> Exercise directions: When the line with "Sierra para cortar vidrios de seguridad" is found, repeat it and all lines that follow it exactly, stopping at the end of the listing.

▬▬▬▬▬▬▬▬▬▬

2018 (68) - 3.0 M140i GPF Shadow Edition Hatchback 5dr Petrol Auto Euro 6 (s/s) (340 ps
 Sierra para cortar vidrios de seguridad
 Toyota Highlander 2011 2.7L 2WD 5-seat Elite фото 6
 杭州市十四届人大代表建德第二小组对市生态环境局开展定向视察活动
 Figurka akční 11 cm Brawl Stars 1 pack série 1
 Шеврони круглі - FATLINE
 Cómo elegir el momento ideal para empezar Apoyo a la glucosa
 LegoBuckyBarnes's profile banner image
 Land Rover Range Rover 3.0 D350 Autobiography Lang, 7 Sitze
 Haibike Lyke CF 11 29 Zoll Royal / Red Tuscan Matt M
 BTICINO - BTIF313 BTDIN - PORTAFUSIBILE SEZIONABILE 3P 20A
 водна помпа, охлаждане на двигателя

▬▬▬▬▬▬▬▬▬▬

> Output of the exercise:
 Sierra para cortar vidrios de seguridad
 Toyota Highlander 2011 2.7L 2WD 5-seat Elite фото 6
 杭州市十四届人大代表建德第二小组对市生态环境局开展定向视察活动
 Figurka akční 11 cm Brawl Stars 1 pack série 1
 Шеврони круглі - FATLINE
 Cómo elegir el momento ideal para empezar Apoyo a la glucosa
 LegoBuckyBarnes's profile banner image
 Land Rover Range Rover 3.0 D350 Autobiography Lang, 7 Sitze
 Haibike Lyke CF 11 29 Zoll Royal / Red Tuscan Matt M
 BTICINO - BTIF313 BTDIN - PORTAFUSIBILE SEZIONABILE 3P 20A
 водна помпа, охлаждане на двигателя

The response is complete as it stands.